Over and over again, in government research, official statistics and papers published by other organisations this same pattern repeats.

And here’s why it all makes sense. First, break-ups when you’re the average adult are a horribly expensive process. It’s not just the paperwork, it’s not just the lawyers, it might be the counsellors, the psychologists, or simply the change in schools and new uniforms for the kids.

Next, it means an entirely new household has to be set up – another house needs to be rented, another fridge, washing machine, microwave and maybe even a car needs to be bought.

Those two people whose incomes were possibly already stretched, now face a remarkable number of costs. Which is why it’s no surprise the data shows that sole parents have higher levels of debt.

And of course, once you’ve got higher debts, and higher household costs as a proportion of income, you’ve got a very difficult financial hole to get out of.

But stay married, or in that de facto relationship, and you get to sail straight past all of those costs and pressures.

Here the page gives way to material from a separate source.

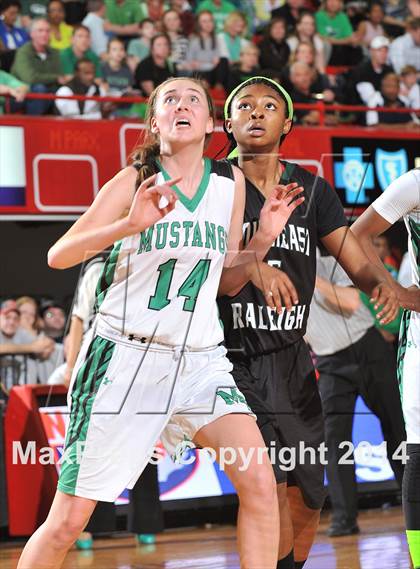Thumbnail 2 in Myers Park vs. Southeast Raleigh (NCHSAA 4A Final) photogallery.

That’s why it makes sense to encourage strong, healthy, happy marriages if we want to keep kids out of poverty. (And I do mean good marriages: abusive, unhappy marriages can lead to unhappy, potentially abusive or abused, children. Those children then have less stable relationships when they grow up, and so are more likely to fall into poverty. Bad marriages don’t help anyone).

Life isn’t perfect, so we do need to have help available when a relationship break up brings poverty. But surely it we should at least be talking about how to support strong relationships, and avoid break ups, in the first place?

Because we can’t afford to be more afraid of elephants than we are fond of our children.